From Wikipedia, the free encyclopedia

Network performance management is the discipline of optimizing how networks function, trying to deliver the lowest latency, highest capacity, and maximum reliability despite intermittent failures and limited bandwidth.

Contents

[edit] Reliable and unreliable networks

Networks connect users or machines to one another using sets of well-defined protocols to govern how data is transmitted. Depending on the type of network and the goals of the application, the protocols may be optimized for specific characteristics:

  • A best-effort network protocol tries to send data, but may lose some along the way to avoid congestion. IP and UDP are popular examples of this. Often, this kind of protocol is used for isochronous traffic such as voice over IP (VOIP).
  • A reliable network guarantees delivery of traffic, favoring correctness and completeness over speed. TCP, which is the basis for most Internet protocols including the http protocol over which web applications are delivered, is the most common example.

[edit] Factors affecting network performance

Unfortunately, not all networks are the same. As data is broken into component parts (often known frames, packets, or segments) for transmission, several factors can affect their delivery.

  • Latency: It can take a long time for a packet to be delivered across intervening networks. In reliable protocols where a receiver acknowledges delivery of each chunk of data, it is possible to measure this as round-trip time.
  • Packet loss: In some cases, intermediate devices in a network will lose packets. This may be due to errors, to overloading of the intermediate network, or to intentional discarding of traffic in order to enforce a particular service level.
  • Retransmission: When packets are lost in a reliable network, they are retransmitted. This incurs two delays: First, the delay from re-sending the data; and second, the delay resulting from waiting until the data is received in the correct order before forwarding it up the protocol stack.
  • Throughput: The amount of traffic a network can carry is measured as throughput, usually in terms such as kilobits per second. Throughput is analogous to the number of lanes on a highway, whereas latency is analogous to its speed limit.

These factors, and others (such as the performance of the network signaling on the end nodes, compression, encryption, concurrency, and so on) all affect the effective performance of a network. In some cases, the network may not work at all; in others, it may be slow or unusable. And because applications run over these networks, application performance suffers.

[edit] The performance management discipline

Network performance management consists of measuring, modeling, planning, and optimizing networks to ensure that they carry traffic with the speed, reliability, and capacity that is appropriate for the nature of the application and the cost constraints of the organization. Different applications warrant different blends of capacity, latency, and reliability.

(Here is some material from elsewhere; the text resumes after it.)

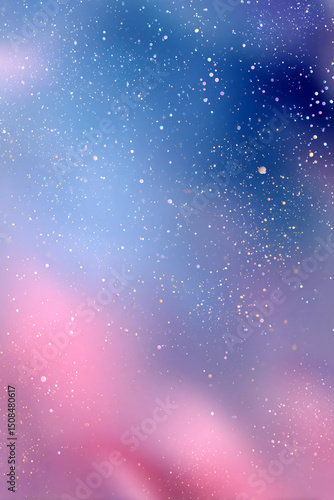 A blue and pink background with a lot of stars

For example:

  • Streaming video or voice can be unreliable (brief moments of static) but need to have very low latency so that lags don't occur
  • Bulk file transfer or e-mail must be reliable and have high capacity, but doesn't need to be instantaneous
  • Instant messaging doesn't consume much bandwidth, but should be fast and reliable

[edit] Network performance management tasks and classes of tool

Network managers perform many tasks; these include performance measurement, forensic analysis, capacity planning, and load-testing or load generation. They also work closely with application developers and IT departments who rely on them to deliver underlying network services.

  • For performance measurement, operators typically measure the performance of their networks at different levels. They either using per-port metrics (how much traffic on port 80 flowed between a client and a server and how long did it take) or they rely on end-user metrics (how fast did the login page load for Bob.) The former is collected using flow-based monitoring and protocols such as Netflow (now standardized as IPFIX) or RMON; the latter, through web logs, synthetic monitoring, or real user monitoring.
  • For forensic analysis, operators often rely on sniffers that break down the transactions by their protocols and can locate problems such as retransmissions or protocol negotiations.
  • For capacity planning, modeling tools that project the impact of new applications or increased usage are invaluable.
  • For load generation that helps to understand the breaking point, operators may use software or appliances that generate scripted traffic. Some hosted service providers also offer pay-as-you-go traffic generation for sites that face the public Internet.